Berlin. Der SPD-Vorsitzende Kurt Beck hat die Ergebnisse der Kabinettsklausur der Bundesregierung in Meseberg begrüßt. Deutschland benötige einen Aufschwung, von dem alle etwas haben. Die Entscheidungen von Meseberg würden dazu beitragen, "den Aufschwung für alle zu sichern", zeigte sich Beck zuversichtlich.
Die Schwerpunkte für die zweite Halbzeit der Legislaturperiode stehen fest. Das Bundeskabinett hat sich auf der Klausur in Meseburg auf fünf Schwerpunkte geeinigt. Wichtigstes Ergebnis: Die SPD hat durchgesetzt, dass mehr Menschen als bislang von der guten Wirtschaftslage profitieren werden.
Als "großen Schritt in diese Richtung" wertete der SPD-Vorsitzende Kurt Beck, dass die Postdienste in das Arbeitnehmerentsendegesetz aufgenommen werden. Zugleich bekräftigte Beck die weiterhin bestehende Forderung seiner Partei nach einem gesetzlichen Mindestlohn. Denn "wer Vollzeit arbeitet, muss davon auch leben können".
Weil Arbeit sich lohnen muss, hat die SPD durchgesetzt, dass Menschen mit niedrigen Löhnen zusätzlich Geld erhalten sollen. Dazu wurde vereinbart, dass die Bundesregierung einen Vorschlag für einen staatlichen "Erwerbstätigenzuschuss" vorbereitet. Zudem sollen die Möglichkeiten des Hinzuverdiensts zu Niedriglöhnen bis 800 Euro monatlich großzügiger gefasst werden.

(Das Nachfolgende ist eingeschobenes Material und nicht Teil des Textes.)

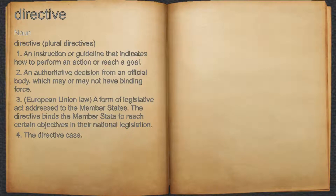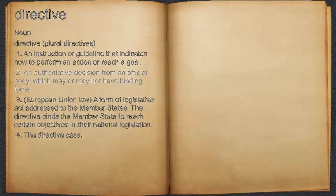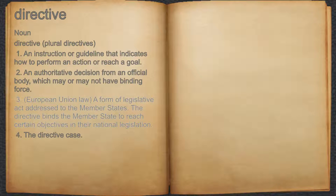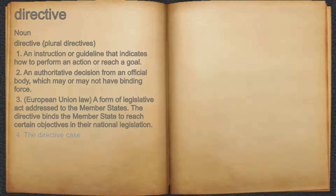Directive. Noun. 1. An instruction or guideline that indicates how to perform an action or reach a goal. 2. An authoritative decision from an official body, which may or may not have binding force. 3. European Union law: a form of legislative act addressed to the member states. The directive binds the member state to reach certain objectives in their national legislation. 4. The directive case.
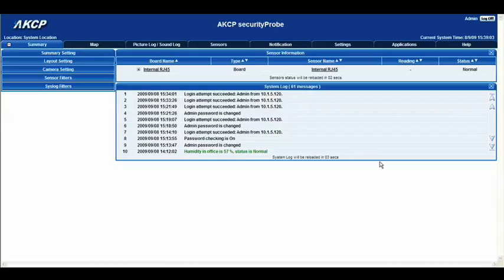Hello there and welcome to another tutorial from AKCP. Right now we're going to have a look at the basic setup of a camera to the security probe.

Um die Armut von Kinder wirkungsvoll zu bekämpfen, sollen alle Eltern höhere staatliche Kinderzuschläge erhalten, die auf staatliche Hilfen angewiesen sind, nur weil sie Kinder groß ziehen. "Die Kinder und Familien werden davon profitieren", sagte Beck.
Als "richtig" bezeichnete Beck die Entscheidungen von Meseberg, dem sich schon jetzt abzeichnenden erheblichen Mangel an Fachkräften in der deutschen Wirtschaft entgegen zu treten. Arbeitsmigration sei punktuell nötig. "Aber sie darf kein Ersatz für unzulängliche Qualifikation und Vermittlung inländischer Arbeitnehmerinnen und Arbeitnehmer sein", warnte der SPD-Vorsitzende. Deshalb müsse die Aus- und Weiterbildung in Deutschland verbessert werden. "Gleichzeitig müssen alle Länder ihre Kräfte verstärken, damit die Zahl der jungen Menschen, die ohne Abschluss oder ohne ausreichende Qualifikation die Schulen verlassen, deutlich reduziert wird", forderte er.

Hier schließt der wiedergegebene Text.